= Requirement =
Omit the images and return the remaining entries unchanged.

Crawled caption data:
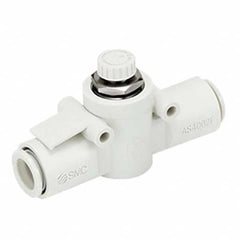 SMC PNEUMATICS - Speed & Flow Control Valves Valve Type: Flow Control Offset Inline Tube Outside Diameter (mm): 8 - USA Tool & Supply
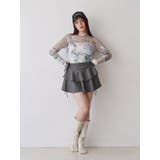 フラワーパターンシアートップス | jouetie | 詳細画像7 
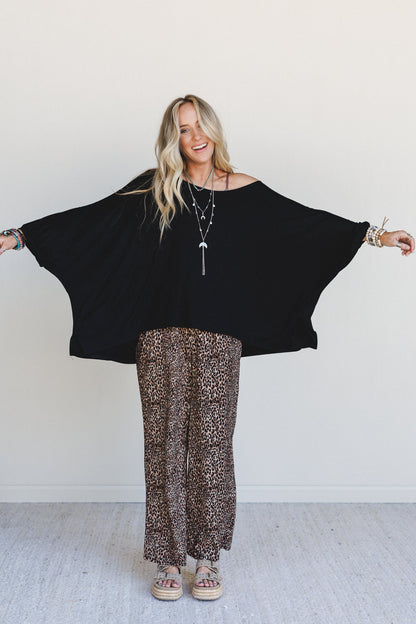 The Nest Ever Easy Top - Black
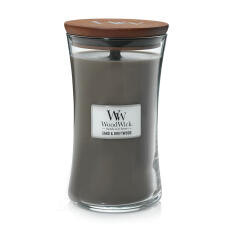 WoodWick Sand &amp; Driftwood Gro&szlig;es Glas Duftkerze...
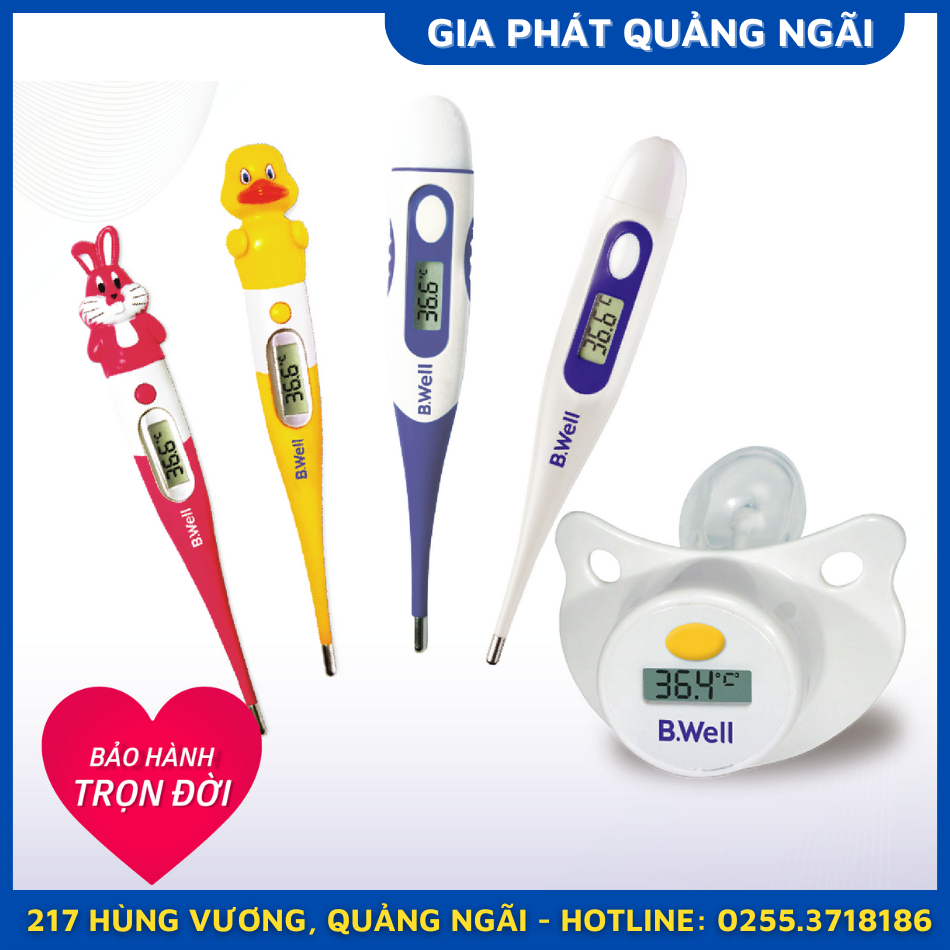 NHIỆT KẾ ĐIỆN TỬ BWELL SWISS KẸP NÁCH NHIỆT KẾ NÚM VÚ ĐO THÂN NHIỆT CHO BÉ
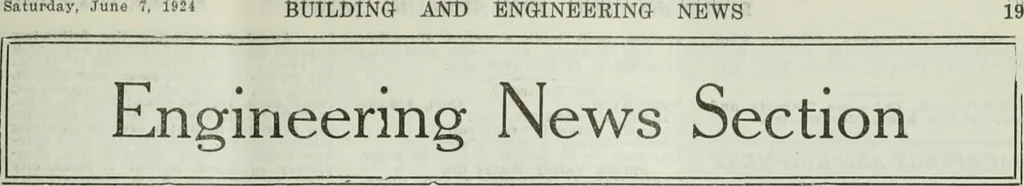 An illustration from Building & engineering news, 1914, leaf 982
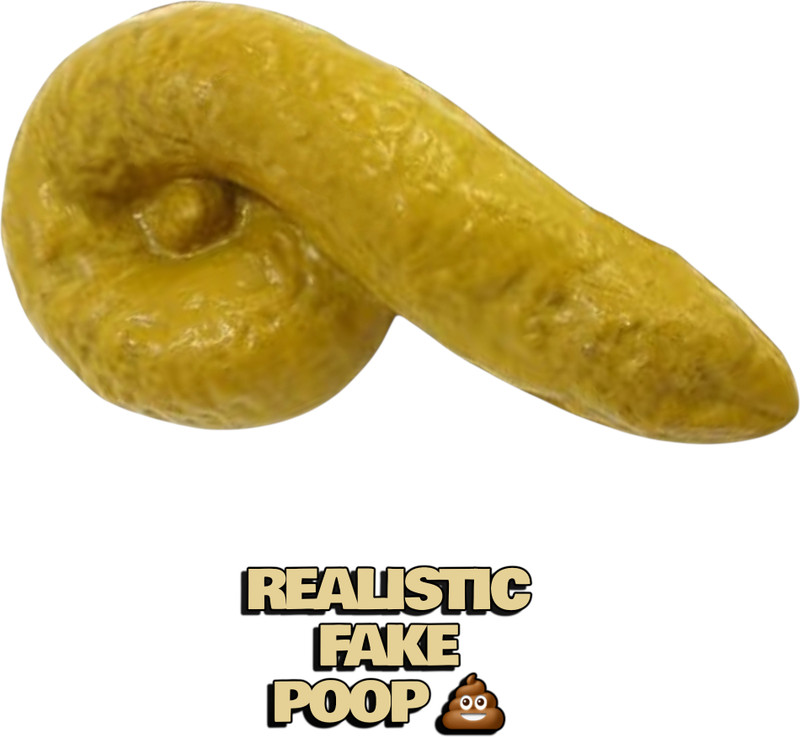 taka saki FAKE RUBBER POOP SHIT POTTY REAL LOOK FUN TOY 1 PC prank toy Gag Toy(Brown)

= Response below =
 SMC PNEUMATICS - Speed & Flow Control Valves Valve Type: Flow Control Offset Inline Tube Outside Diameter (mm): 8 - USA Tool & Supply
 フラワーパターンシアートップス | jouetie | 詳細画像7 
 The Nest Ever Easy Top - Black
 WoodWick Sand &amp; Driftwood Gro&szlig;es Glas Duftkerze...
 NHIỆT KẾ ĐIỆN TỬ BWELL SWISS KẸP NÁCH NHIỆT KẾ NÚM VÚ ĐO THÂN NHIỆT CHO BÉ
 An illustration from Building & engineering news, 1914, leaf 982
 taka saki FAKE RUBBER POOP SHIT POTTY REAL LOOK FUN TOY 1 PC prank toy Gag Toy(Brown)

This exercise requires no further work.